- [Task statement] Return the records from the first line through the line containing "This kitchen features", and leave out the pictures.

- [Available data]
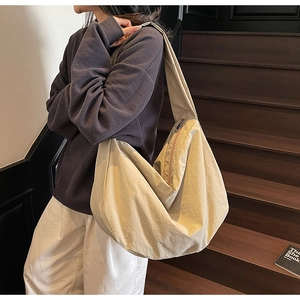Détail du sac hobo en nylon crème avec large bandoulière et forme en croissant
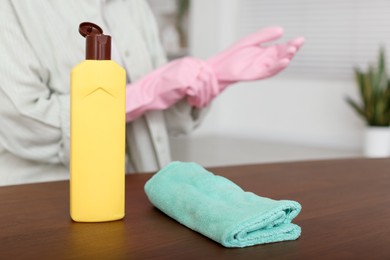 Photo of Woman polishing wooden table at home, closeup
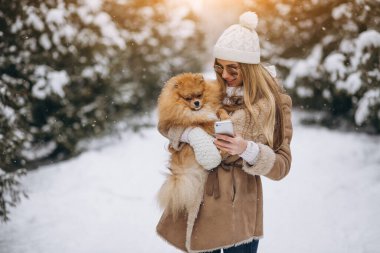 Kışın telefonu ve köpeği olan bir kadın.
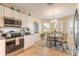 This kitchen features stainless steel appliances, white cabinetry and tile flooring and eat in kitchen at 2672 Star Coral Ln, New Smyrna Beach, FL 32168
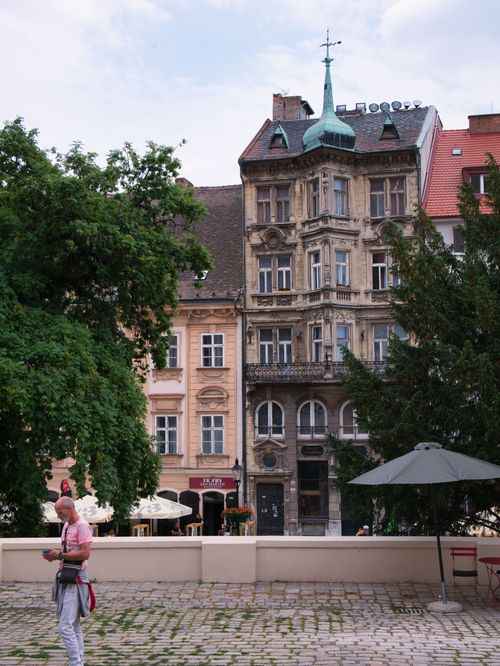 Free Picturesque view of historic European buildings with cobblestone street and trees. Stock Photo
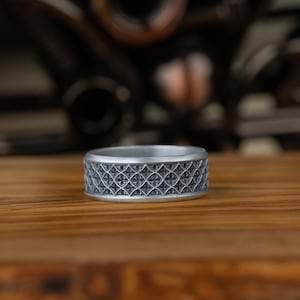 May include: A silver ring with a geometric pattern. The ring is on a wooden surface.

- [Written reply]
Détail du sac hobo en nylon crème avec large bandoulière et forme en croissant
 Photo of Woman polishing wooden table at home, closeup
 Kışın telefonu ve köpeği olan bir kadın.
 This kitchen features stainless steel appliances, white cabinetry and tile flooring and eat in kitchen at 2672 Star Coral Ln, New Smyrna Beach, FL 32168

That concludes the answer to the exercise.